Difficile de dire quelles sont réellement l’audience et la notoriété de Gruff Rhys en France. On a beau parler d’un type qui a enregistré plus d’une vingtaine d’albums (en groupe ou en solo) depuis les années 90, l’ancien chanteur des Super Furry Animals et de Neon Neon reste un phénomène britannique avant tout. Disons même gallois, tant il est attaché à la terre qu’il l’a vu naître, enregistrant un album entier dans sa langue natale, Mwng en 2000, et recevant le premier Welsh Music Prize pour le formidable Hotel Shampoo en 2011. Reste que tous les amateurs d’excentricité pop l’ont remarqué et l’apprécient.
Même sans chercher à comprendre ce qu’il chante (d’autant que quand c’est du gallois…), le filet de voix flegmatique de cet hurluberlu dégage instantanément un mélange de tendresse et d’autodérision. C’est un peu étrange à écrire, mais Gruff Rhys chante de manière «sympathique». Ses chansons sont tout aussi chaleureuses. En apparence extrêmement classiques, tout en restant résolument indie, c’est-à-dire jamais totalement «confortables» et résolument ironiques, elles sont un étrange mélange entre l’élégance académique d’un Burt Bacharach et une folie baroque teintée de psychédélisme nonchalant (si cela veut dire quelque chose). Un album de Gruff Rhys n’est jamais actuel, mais toujours moderne. Décalé, en quelque sorte. En cela, même s’il se prend moins au sérieux, il ressemble à Sean O’Hagan (leader des High Llamas), avec qui il partage le côté «secret bien gardé», la dimension «hors du temps» et l’exigence vaguement maniaque des arrangements léchés.

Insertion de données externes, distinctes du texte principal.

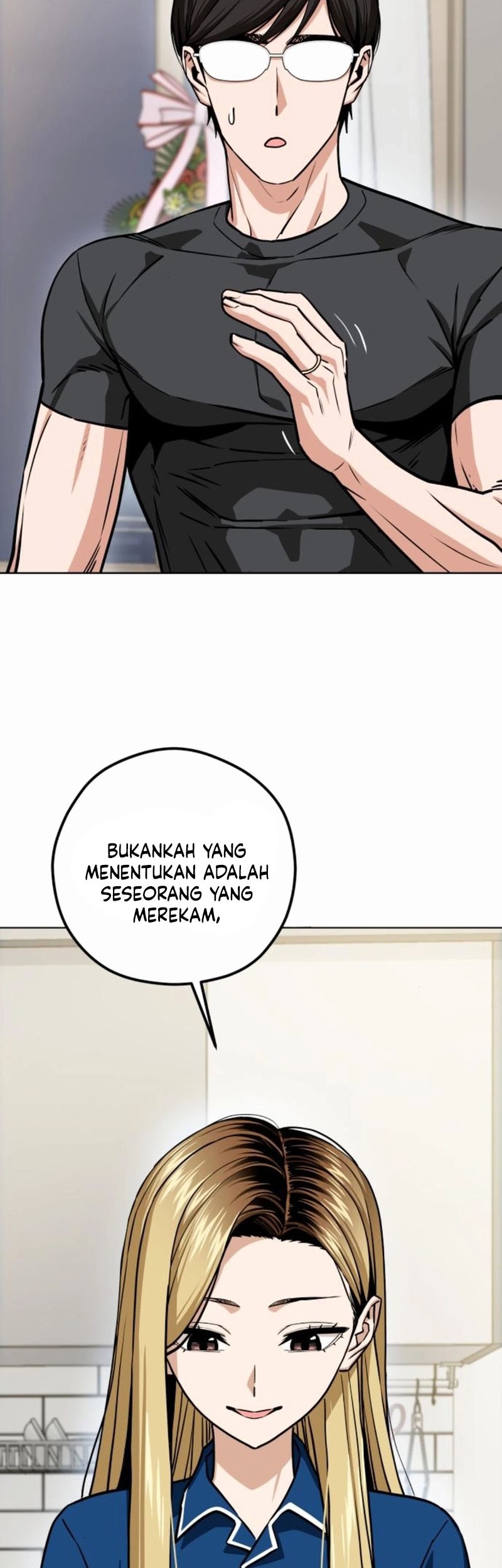 Match Made in Heaven by Chance Chapter 105 Gambar 15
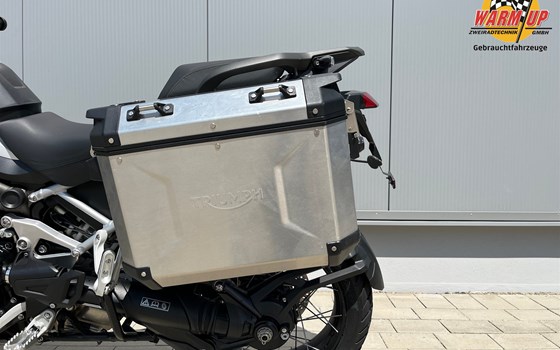 Gebrauchtmotorrad Triumph Tiger 1200 Rally PRO - Bild 14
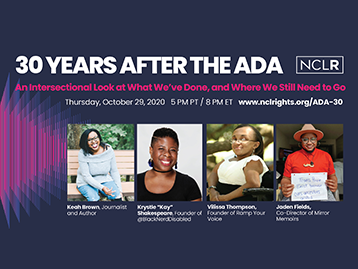 30 Years After the ADA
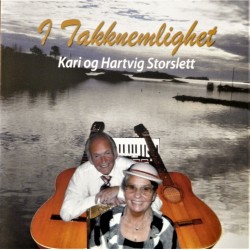 Karii og Hartvig Storslett- I takknemlighet (CD)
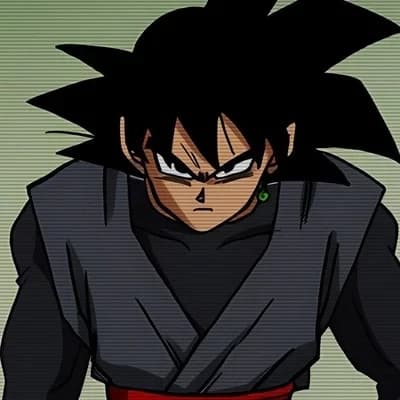 Black Goku thumbnail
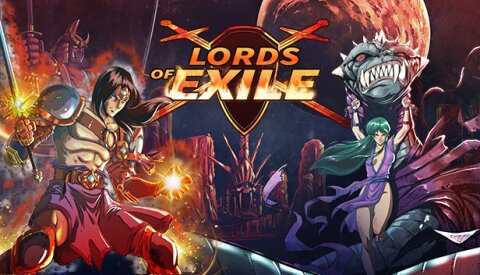 Lords of Exile Free Download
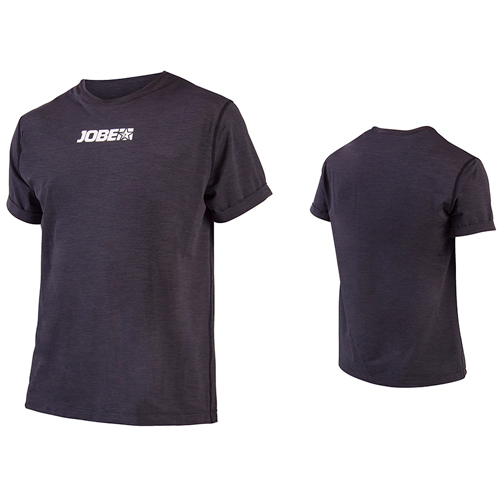 Jobe Rash Guard loose fit heren zwart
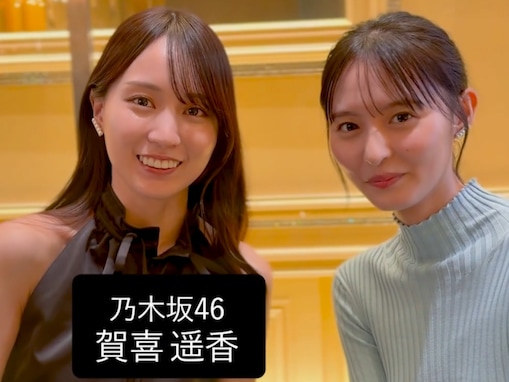 「えらい顔痩せてない？」乃木坂46メンバーの姿に「やつれた？」と心配の声「さくちゃん細すぎ！」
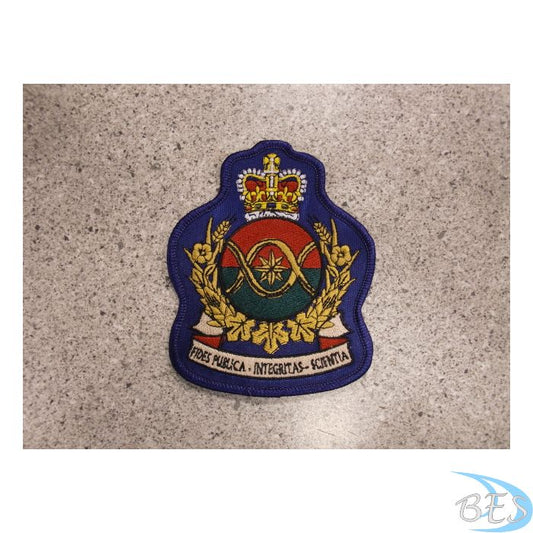 Canadian Foods Inspection Agency Heraldic Crest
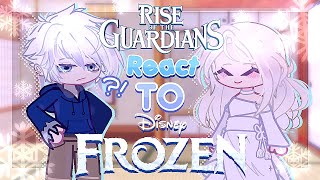 Rotg react to Frozen 1amp2  Rotg React to Elsa  Ships included  MCClouD  Read description [upl. by Ajssatan]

Cet impeccable Sadness Set me Free ne fait pas exception à la règle. Enregistré en trois jours en région parisienne (l’ami Gruff est du genre voyageur), même si les cordes et les chœurs ont été réalisés plus tard, ce nouvel album réjouira la poignée de fans qui le suivent. Quant aux autres, espérons que l’illumination viendra un jour au hasard d’un algorithme.